## What the task asks
Please set the lines down again exactly, from the top of the entries through the line that contains "Lego City Switches".

______

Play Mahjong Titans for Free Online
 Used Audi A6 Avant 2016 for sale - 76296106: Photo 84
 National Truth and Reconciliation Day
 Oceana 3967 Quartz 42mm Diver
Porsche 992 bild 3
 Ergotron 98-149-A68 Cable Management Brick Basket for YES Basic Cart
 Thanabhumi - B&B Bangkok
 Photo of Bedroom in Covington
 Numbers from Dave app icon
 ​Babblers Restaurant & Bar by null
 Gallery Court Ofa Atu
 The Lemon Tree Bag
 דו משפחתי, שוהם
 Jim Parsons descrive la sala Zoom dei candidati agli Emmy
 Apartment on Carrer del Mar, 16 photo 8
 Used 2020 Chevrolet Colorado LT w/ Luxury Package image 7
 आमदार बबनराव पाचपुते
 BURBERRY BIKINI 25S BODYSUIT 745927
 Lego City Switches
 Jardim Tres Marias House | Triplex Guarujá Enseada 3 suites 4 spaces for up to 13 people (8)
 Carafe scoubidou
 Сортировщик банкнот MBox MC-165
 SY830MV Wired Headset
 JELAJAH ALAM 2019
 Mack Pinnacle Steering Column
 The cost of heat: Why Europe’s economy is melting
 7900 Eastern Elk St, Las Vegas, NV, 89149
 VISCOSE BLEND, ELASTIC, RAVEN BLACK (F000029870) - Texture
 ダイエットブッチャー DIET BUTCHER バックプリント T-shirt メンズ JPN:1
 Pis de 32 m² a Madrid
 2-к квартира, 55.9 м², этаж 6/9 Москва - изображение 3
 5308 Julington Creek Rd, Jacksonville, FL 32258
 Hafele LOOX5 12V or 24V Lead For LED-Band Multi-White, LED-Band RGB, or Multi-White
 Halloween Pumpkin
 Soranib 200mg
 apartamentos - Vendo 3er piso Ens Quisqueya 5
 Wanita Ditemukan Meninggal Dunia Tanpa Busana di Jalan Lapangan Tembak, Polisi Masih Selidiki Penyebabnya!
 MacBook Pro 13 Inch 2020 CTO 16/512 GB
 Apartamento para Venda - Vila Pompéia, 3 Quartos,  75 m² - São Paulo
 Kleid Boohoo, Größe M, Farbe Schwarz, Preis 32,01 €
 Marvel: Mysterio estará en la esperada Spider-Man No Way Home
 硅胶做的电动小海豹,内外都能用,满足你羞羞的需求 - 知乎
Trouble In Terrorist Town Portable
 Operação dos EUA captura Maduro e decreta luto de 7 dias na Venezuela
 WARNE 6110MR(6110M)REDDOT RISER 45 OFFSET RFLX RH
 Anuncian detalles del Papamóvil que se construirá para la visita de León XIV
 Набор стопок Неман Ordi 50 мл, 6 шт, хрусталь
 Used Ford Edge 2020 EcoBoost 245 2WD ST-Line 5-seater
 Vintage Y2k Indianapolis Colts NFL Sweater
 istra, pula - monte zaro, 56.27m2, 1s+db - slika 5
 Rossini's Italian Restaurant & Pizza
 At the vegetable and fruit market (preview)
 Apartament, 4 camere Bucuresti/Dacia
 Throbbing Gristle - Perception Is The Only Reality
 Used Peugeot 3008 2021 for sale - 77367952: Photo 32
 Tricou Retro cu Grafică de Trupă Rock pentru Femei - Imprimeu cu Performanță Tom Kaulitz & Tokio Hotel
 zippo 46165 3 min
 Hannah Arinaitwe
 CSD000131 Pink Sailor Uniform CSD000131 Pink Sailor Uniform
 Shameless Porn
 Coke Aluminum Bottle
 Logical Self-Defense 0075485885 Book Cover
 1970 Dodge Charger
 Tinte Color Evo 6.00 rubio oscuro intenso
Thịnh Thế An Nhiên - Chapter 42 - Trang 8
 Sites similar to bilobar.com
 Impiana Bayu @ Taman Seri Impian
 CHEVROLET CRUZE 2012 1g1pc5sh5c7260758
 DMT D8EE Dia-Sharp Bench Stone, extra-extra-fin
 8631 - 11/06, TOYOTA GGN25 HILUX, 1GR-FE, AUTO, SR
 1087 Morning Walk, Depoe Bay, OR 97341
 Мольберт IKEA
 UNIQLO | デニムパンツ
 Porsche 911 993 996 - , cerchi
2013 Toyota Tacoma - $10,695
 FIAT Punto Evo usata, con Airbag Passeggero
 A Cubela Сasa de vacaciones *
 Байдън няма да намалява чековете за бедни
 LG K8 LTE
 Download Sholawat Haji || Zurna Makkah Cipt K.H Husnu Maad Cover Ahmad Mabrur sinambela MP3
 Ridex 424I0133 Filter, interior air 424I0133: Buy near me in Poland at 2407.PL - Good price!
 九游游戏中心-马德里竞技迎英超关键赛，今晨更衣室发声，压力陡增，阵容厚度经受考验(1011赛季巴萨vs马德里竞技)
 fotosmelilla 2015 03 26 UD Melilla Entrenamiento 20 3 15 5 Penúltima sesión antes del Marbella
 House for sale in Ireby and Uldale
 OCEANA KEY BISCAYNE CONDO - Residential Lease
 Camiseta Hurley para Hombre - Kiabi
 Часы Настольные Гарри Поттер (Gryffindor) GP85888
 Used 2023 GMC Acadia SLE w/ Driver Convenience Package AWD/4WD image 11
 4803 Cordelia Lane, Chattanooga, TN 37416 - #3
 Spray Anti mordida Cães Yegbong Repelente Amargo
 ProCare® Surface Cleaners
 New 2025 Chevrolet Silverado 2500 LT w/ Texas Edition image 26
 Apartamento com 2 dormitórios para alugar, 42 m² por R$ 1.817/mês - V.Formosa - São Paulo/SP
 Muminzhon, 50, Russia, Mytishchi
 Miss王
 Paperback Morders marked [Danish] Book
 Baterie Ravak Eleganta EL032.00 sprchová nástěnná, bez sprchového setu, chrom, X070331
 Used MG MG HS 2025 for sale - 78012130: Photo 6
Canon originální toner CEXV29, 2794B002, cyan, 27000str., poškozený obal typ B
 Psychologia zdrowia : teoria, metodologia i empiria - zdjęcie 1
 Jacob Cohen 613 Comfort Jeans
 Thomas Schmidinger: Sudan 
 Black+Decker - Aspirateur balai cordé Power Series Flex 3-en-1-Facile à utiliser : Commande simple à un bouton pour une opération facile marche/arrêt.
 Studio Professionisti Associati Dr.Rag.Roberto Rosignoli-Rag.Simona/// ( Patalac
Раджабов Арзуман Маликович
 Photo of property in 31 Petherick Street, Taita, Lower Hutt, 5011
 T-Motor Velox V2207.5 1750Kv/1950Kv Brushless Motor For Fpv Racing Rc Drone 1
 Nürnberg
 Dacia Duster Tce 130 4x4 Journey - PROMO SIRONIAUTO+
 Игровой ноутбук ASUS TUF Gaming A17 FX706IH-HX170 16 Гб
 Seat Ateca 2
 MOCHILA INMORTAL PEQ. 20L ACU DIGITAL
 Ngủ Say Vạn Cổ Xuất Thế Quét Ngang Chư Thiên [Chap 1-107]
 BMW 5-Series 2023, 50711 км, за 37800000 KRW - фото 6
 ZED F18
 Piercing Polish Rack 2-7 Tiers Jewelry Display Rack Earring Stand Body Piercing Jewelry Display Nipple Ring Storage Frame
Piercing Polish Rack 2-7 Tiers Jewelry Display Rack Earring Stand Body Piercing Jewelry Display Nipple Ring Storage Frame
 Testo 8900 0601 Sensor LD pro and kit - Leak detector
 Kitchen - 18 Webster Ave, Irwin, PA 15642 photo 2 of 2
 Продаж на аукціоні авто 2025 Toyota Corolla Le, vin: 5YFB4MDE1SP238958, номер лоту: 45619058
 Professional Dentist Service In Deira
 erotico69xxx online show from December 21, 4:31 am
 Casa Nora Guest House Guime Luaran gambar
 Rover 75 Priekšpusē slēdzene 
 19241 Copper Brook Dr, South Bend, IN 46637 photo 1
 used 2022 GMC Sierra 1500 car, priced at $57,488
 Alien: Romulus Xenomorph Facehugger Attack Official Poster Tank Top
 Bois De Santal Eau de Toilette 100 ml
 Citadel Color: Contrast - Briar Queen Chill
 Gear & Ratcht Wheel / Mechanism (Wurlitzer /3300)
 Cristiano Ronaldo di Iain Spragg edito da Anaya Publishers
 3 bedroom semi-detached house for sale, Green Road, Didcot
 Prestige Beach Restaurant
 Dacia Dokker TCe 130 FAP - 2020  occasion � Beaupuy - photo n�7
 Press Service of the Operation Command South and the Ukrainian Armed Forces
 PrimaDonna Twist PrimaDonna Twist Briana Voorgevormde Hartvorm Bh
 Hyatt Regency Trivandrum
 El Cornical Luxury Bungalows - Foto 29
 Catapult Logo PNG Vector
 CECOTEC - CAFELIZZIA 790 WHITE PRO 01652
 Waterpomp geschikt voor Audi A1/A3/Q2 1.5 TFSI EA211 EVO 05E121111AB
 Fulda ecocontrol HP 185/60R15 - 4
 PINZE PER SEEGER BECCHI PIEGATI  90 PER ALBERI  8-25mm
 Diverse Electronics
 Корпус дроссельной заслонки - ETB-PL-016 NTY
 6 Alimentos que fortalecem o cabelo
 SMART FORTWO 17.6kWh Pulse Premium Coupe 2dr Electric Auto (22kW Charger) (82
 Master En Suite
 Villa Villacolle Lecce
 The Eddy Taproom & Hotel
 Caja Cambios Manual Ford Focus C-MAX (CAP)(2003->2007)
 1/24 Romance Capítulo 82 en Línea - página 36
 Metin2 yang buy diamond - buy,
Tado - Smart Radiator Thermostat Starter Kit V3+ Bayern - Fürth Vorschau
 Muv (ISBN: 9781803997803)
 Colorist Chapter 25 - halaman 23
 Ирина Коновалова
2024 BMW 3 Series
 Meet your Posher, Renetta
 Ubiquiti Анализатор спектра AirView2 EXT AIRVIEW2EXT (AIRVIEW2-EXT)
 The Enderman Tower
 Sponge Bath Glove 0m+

______

## Answer space
Play Mahjong Titans for Free Online
 Used Audi A6 Avant 2016 for sale - 76296106: Photo 84
 National Truth and Reconciliation Day
 Oceana 3967 Quartz 42mm Diver
Porsche 992 bild 3
 Ergotron 98-149-A68 Cable Management Brick Basket for YES Basic Cart
 Thanabhumi - B&B Bangkok
 Photo of Bedroom in Covington
 Numbers from Dave app icon
 ​Babblers Restaurant & Bar by null
 Gallery Court Ofa Atu
 The Lemon Tree Bag
 דו משפחתי, שוהם
 Jim Parsons descrive la sala Zoom dei candidati agli Emmy
 Apartment on Carrer del Mar, 16 photo 8
 Used 2020 Chevrolet Colorado LT w/ Luxury Package image 7
 आमदार बबनराव पाचपुते
 BURBERRY BIKINI 25S BODYSUIT 745927
 Lego City Switches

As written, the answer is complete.